Thursday, November 6, 2014

Thoughts from a Working Mom

If I am being honest, I have wanted to write this post since the moment that I started this blog. I write it in my head every single day.

I write it on Sunday nights. I write it on rushed Monday mornings. I write it when I we need to get the grocery shopping done or when the laundry piles up (that's all the time). I write it when I hear my child coughing all night and know that I have to go to work in the morning.

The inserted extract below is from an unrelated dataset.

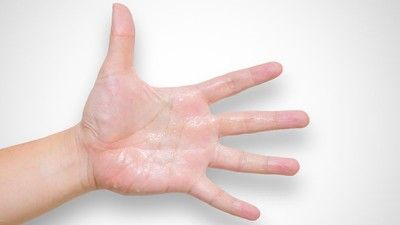 5 Penyebab Telapak Tangan Berkeringat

I haven't written it because I never want to offend anyone. But all of a sudden, it dawned on me. How can I offend someone when these are my thoughts and feelings? These words are simply my experience. They are not yours and they are not meant to demean any other person's experience as a mother. This is me. So please read it with that in mind. Everything that I write is simply from the heart of a little old me...a mom who happens to also have a job.

First, I don't think motherhood is a job. Being a parent is not a job. By definition, a job is "the regular work that a person does to earn money". So it's kind of a fact that being a parent is not a job...unless you have a found a way to get paid for it. If so, contact me personally. ASAP. Thanks.

I have a job. I am a teacher. I get paid for that job. But I am also a mother. It is a blessing, a struggle, and a privilege to be a mother. But it is not a job.

When someone says that they have made the choice to stay home to "raise their children", it implies that I choose work over my children. It implies that I am not raising my children because I must work. I can assure you that I AM RAISING MY CHILDREN. We are all raising our children.

When someone says that they chose to sacrifice their career for the sake of their children, it implies that I would not make that sacrifice. It also implies that my children suffer because I work. When someone says that it is a choice, I can tell you that that's not always the case. When someone says that they feel sorry for mothers who want to stay home but can't for financial reasons, it sounds like you feel bad for me. You feel bad for me because you were able to make the right choice, and I so clearly have been forced down the wrong path. When someone says that being a homemaker "makes the world go round", it implies that working moms do not. We are less, in some way. You can say that it doesn't imply that, but I FEEL that it does. Maybe I am over thinking it, but again, these are my feelings.

When I see a person state that they should get paid more than $112,000 for being a SAHM, I start to wonder. Then would I get paid less because I work out of the home? Am I less of a mom? Because I can assure you that no magic fairy comes to the house of working parents and does the laundry, takes the kids to doctor appointments, goes grocery shopping, cleans the bathrooms, kisses boo boos, diffuses constant arguments, tucks kids into bed at night, and makes lunches. Nope. I still have to do that fun stuff too.

The truth is that everyone has to make the best decision for them and their family. And it's not always a choice. My husband and I are both teachers and we simply need to be a two income family. I like my job. I love my kids.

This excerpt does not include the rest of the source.